In order to access all the main documents of the last review, follow this link
Points of the national report which deal with education.
79. Education is a fundamental right that is guaranteed and promoted by the Mexican State. Both the right to education and human rights education are promoted, thereby generating inclusion, learning and participation and developing a sense of citizenship. Primary education is virtually universal. The national education system now has 33.3 million pupils and students at the basic, upper secondary and higher levels and in vocational training. The objectives of the 2007-2012 Sectoral Education Programme include improving the quality of education; expanding educational opportunities as a means of reducing inequality and promoting equality between social groups; and offering an all-round education.
80. This programme includes a scholarship scheme that currently benefits some 6 million low-income pupils at all levels of education. Significant efforts are also being made to integrate children and young people with disabilities.61 During the 2007/08 school year, 21,997 basic education facilities met the minimum conditions for integrating pupils with special educational needs and attended to 177,856 pupils with such needs. A major effort is being made to provide instruction in indigenous languages, including the development of teaching materials, teacher training and the promotion of indigenous language instruction. During the 2006/07 school year, 1.4 million sets of material were distributed to 583,202 primary school pupils in 33 indigenous languages.

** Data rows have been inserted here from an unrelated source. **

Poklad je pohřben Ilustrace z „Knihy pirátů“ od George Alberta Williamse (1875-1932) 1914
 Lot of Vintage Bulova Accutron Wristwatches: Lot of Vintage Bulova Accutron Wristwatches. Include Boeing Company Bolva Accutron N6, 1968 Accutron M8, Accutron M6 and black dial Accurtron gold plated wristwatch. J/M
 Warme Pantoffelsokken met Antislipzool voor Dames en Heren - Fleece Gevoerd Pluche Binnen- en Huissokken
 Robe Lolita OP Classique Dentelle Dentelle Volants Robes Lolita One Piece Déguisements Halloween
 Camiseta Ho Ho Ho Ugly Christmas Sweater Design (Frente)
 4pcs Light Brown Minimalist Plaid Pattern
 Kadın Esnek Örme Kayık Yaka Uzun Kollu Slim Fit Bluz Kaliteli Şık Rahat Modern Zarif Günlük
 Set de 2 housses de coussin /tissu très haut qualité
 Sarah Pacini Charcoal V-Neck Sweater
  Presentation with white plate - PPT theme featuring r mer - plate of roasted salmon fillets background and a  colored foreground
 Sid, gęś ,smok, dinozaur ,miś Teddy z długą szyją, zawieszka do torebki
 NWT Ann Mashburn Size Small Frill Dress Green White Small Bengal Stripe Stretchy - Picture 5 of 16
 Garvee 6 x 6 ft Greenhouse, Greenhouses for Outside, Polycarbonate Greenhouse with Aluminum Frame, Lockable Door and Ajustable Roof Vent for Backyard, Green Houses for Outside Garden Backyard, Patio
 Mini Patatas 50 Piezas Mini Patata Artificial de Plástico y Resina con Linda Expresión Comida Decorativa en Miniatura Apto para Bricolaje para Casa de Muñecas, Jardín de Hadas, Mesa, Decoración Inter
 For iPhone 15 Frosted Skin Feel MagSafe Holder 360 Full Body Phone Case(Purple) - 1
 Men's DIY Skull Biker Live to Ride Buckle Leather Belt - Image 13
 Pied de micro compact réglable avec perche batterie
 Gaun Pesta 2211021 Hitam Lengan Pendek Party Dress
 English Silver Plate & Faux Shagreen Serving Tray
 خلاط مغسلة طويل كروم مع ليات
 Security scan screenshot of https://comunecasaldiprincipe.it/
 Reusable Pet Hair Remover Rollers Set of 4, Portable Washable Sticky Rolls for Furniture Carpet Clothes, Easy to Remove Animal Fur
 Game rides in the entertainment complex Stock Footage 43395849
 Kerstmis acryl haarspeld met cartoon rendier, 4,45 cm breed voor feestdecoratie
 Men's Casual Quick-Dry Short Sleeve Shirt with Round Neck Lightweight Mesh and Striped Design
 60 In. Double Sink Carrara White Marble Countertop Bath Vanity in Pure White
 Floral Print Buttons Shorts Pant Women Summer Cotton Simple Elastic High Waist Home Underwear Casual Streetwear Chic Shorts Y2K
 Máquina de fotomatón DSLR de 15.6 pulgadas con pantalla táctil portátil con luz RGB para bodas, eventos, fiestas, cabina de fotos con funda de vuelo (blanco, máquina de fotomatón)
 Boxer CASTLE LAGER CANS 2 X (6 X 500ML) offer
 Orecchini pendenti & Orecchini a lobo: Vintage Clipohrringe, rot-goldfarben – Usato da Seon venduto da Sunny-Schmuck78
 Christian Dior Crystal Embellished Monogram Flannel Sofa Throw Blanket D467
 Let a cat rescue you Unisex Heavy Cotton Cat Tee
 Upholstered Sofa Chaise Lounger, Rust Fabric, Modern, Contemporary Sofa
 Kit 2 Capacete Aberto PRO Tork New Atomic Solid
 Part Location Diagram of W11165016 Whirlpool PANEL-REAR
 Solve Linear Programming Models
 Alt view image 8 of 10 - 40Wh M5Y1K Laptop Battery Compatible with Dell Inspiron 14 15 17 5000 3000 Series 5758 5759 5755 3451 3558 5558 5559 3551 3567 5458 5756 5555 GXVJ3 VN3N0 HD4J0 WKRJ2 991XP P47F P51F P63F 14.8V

81. Improving the quality of education represents a major challenge. The Alliance for Quality in Education, a programme launched in May 2008, promotes infrastructure improvement, refresher training for teachers and evaluation of the education system. The plan is to renovate 27,000 schools and to equip 14,000 schools so as to enable three out of every four students to connect to the Internet. Primary, secondary and upper secondary curricula have a high human rights content.62
122. Although it develops educational materials, promotes initial and specialist teacher training and promotes the teaching of indigenous languages in schools, Mexico still has not managed to guarantee indigenous peoples full access to compulsory bilingual intercultural education with qualified teachers who can speak and write a given community’s language variant. The Federal Government has developed intercultural universities in various federal entities.
(61) Durante el ciclo escolar 2007-2008 se distribuyeron libros de texto gratuitos de educación primaria: 5,535 en sistema Braille.
(62) V Informe Interamericano de la Educación en Derechos Humanos. Instituto Interamericano de Derechos Humanos.